Purchase's proposal for more ecologically integrated communities usually meets with most scepticism when it is imagined applied to cities. Even a relatively small city, like Dublin, is almost completely dependent on food from neighbouring regions, and its ecosystem is made up of cars, people and concrete. If a city like New York or Mexico was sealed off from the rest of the world, it would die within days; the only question is whether it would be from starvation or asphyxiation. Given the number of such large cities around the world, and the fact that, even if it were possible, given the size of the earth's population, for everyone to live in small towns and rural communities, many would not want to, how can cities be accommodated within an environmentally sound anarchist society?

It's an obvious point, but cities did not spring into existence fully formed, with all their support networks intact. Like any community, initially they produced most of their food themselves, but as the industrial base increased, the demand for land for industry and accommodation for the workforce grew, forcing food production into the hinterland. Most cities, even up to recently, would have had small farms comparatively close to the town centre. The supercities of today are only possible because of advances in food preservation (through chemical additives and refrigeration) and transport. Before these advances, the pressure for a city to grow in size was met by the necessity to have enough farms, near enough, to produce the food. Nor is the ejection of agriculture from the city irreversible - during the Second World War, for example, food shortages in Britain led to an immense drive towards small-plot urban farming, something of which has continued to this day in the 'allotments' scheme.

Cities, in Purchase's model would continue to exist, but agriculture would be reintroduced to the residential/commercial mix. There are different ways of doing this - you could divide the city into sectors, with each concentrating on a particular use of the land, aiming at sufficiency on a city-wide scale. Or, and this is more in line with the overall project, each sector would be a community in itself, diversity being brought down to a more local level. ('Sufficiency' is used here as an ideal, not expected to be reached. Cities would still be more densely populated than other areas, and so more likely to be a base for industry and other labour-intensive activities, the aim is to reduce the dependence on other areas for food.) Food production would be integrated into the city - cattle grazing on green spaces, lawns turned into vegetable patches, small neighbourhood farms. Between the demands of industry and accommodation, argues Purchase, there are spaces which in a properly planned city could be filled with life.
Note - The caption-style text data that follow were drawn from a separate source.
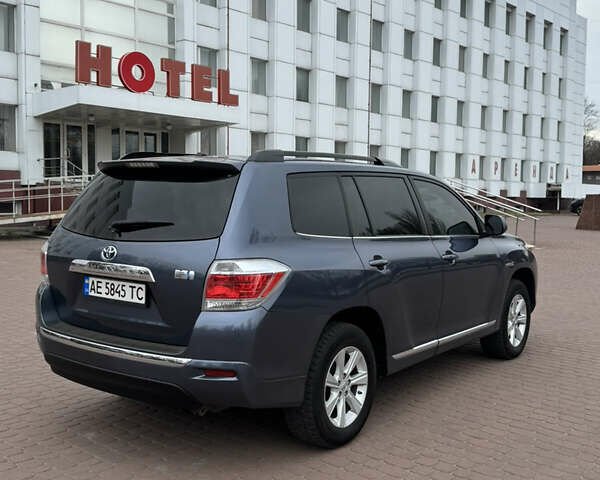 Синій Тойота Хайлендер, об'ємом двигуна 3.46 л та пробігом 258 тис. км за 16999 $, фото 5 на Automoto.ua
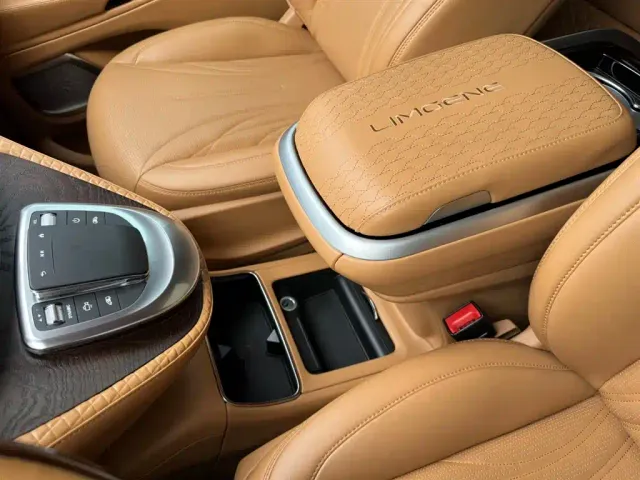 Mercedes-Benz V-Class — Фото автомобиля 24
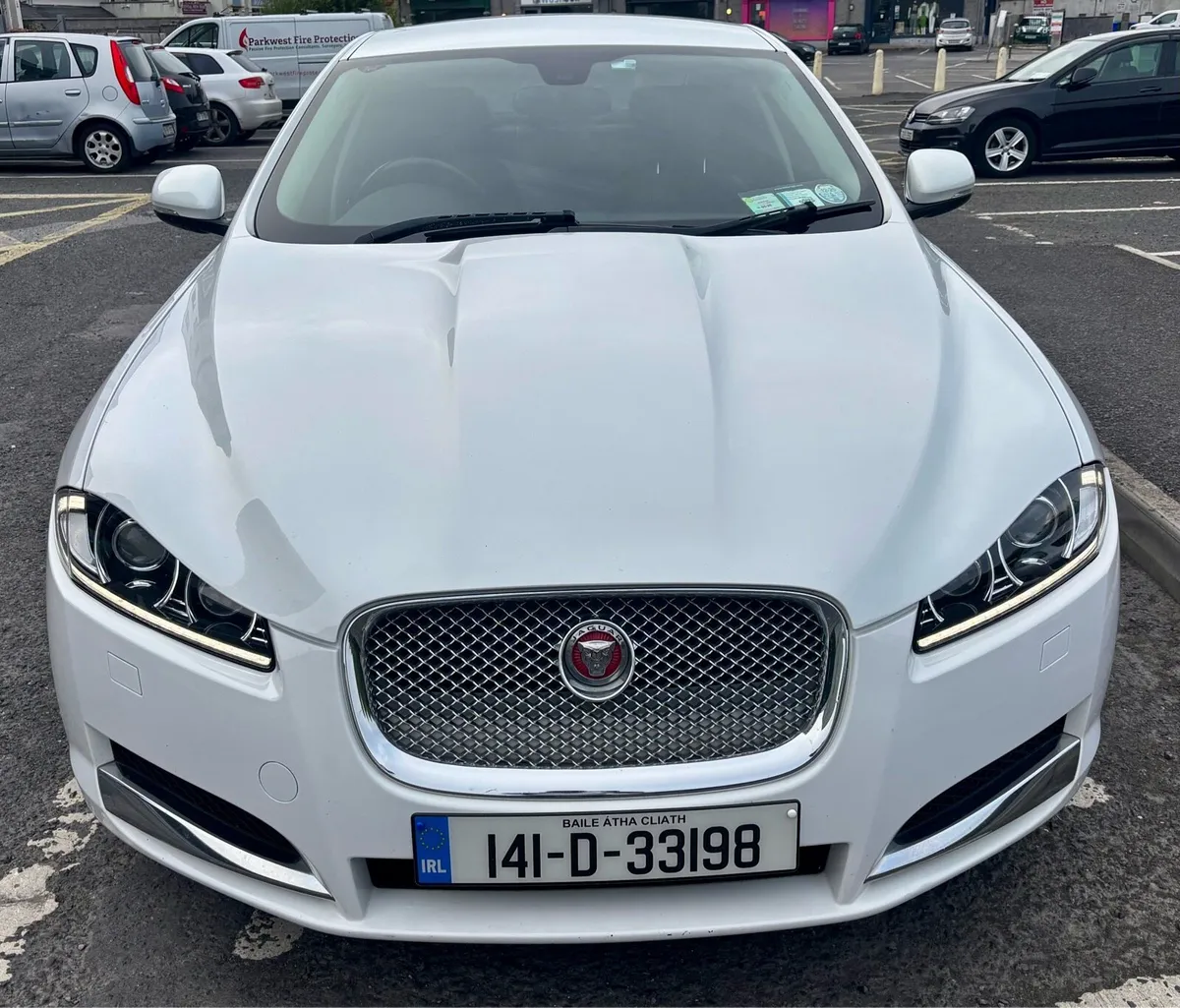 Car - Image 3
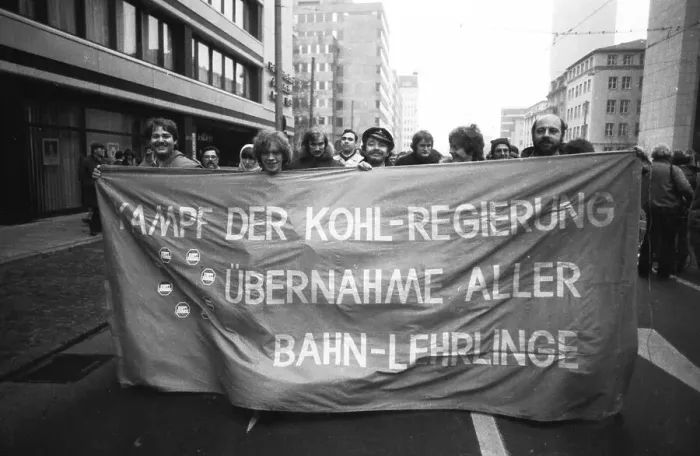 Framed Print : The Federal Congress of the Unemployed 1982 and the demonstration they organised under the slogan Unemployed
The immediate question is whether this could ever be more than a gesture. Sure, some farming could be integrated into urban life, but could it ever come close to meeting the needs of those who live in the city? If we are to continue to have the same population density, and the same concentration of industry in our cities, can these urban farms ever be more than a supplement to large-scale farming elsewhere, a token 'greening' of the city? If cities were to seriously approach self-sufficiency, wouldn't this necessitate a huge expansion in their size, or a fundamental change in the nature of urban life? Do we want, or need, such a change?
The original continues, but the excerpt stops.